=== Dataset excerpts ===

Start of Block

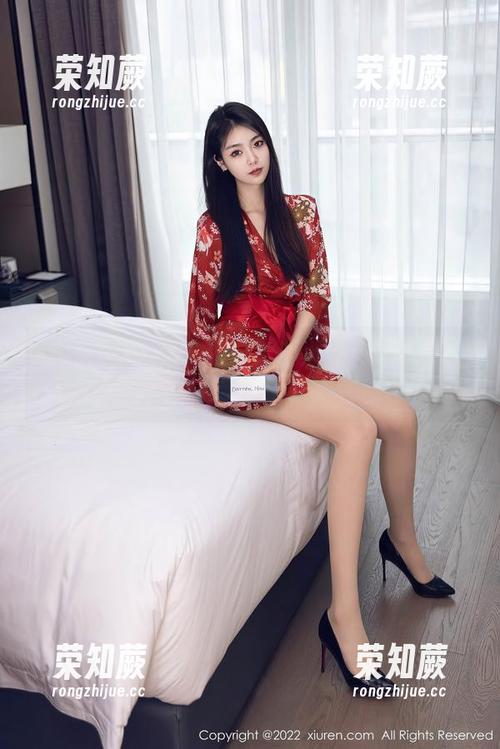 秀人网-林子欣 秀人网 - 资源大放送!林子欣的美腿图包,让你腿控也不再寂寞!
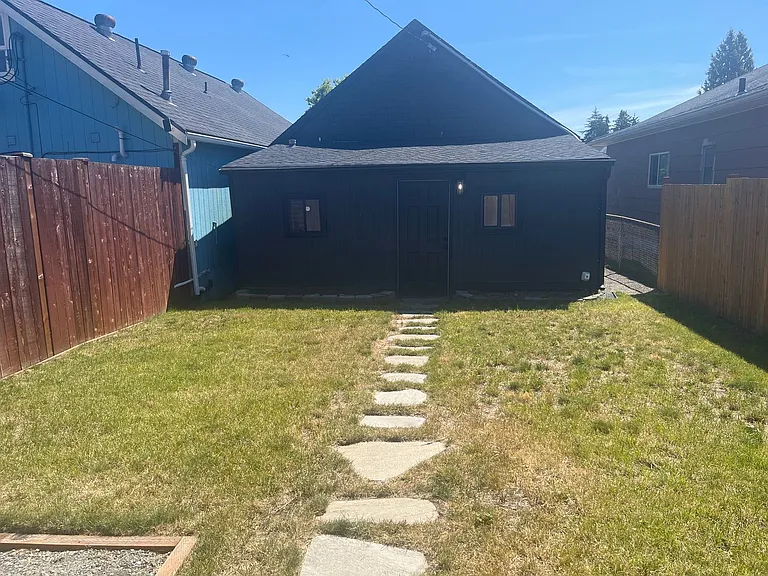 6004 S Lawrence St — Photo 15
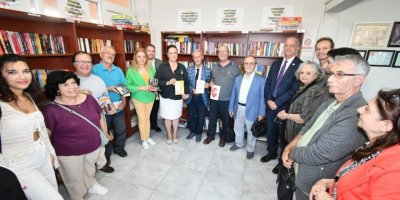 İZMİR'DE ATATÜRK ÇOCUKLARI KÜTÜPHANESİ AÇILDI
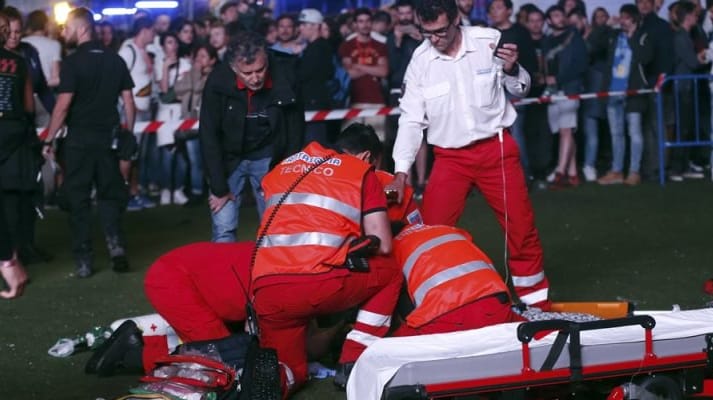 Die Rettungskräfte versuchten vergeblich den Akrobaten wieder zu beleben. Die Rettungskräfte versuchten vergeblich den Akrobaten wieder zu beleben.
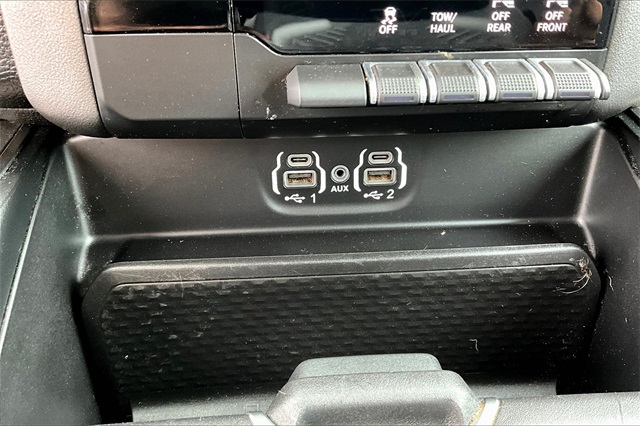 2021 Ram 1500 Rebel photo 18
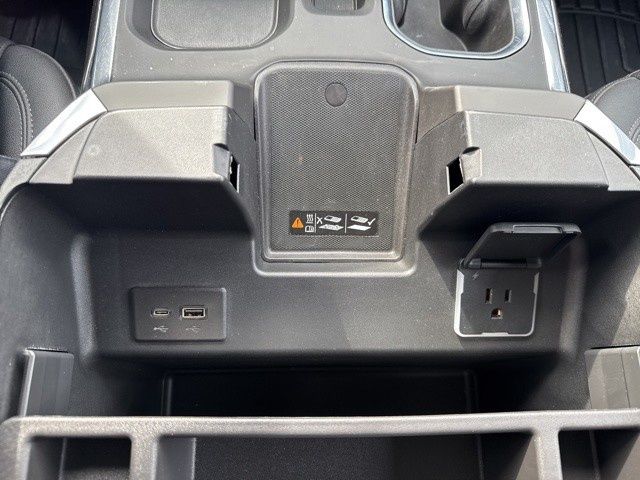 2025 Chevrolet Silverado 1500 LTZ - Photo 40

End of Block

Reproduce the lines from the line with "zu beleben. Die" through the last line of the entries exactly, including both ends and excluding pictures.

=== YOUR RESPONSE ===
 Die Rettungskräfte versuchten vergeblich den Akrobaten wieder zu beleben. Die Rettungskräfte versuchten vergeblich den Akrobaten wieder zu beleben.
 2021 Ram 1500 Rebel photo 18
 2025 Chevrolet Silverado 1500 LTZ - Photo 40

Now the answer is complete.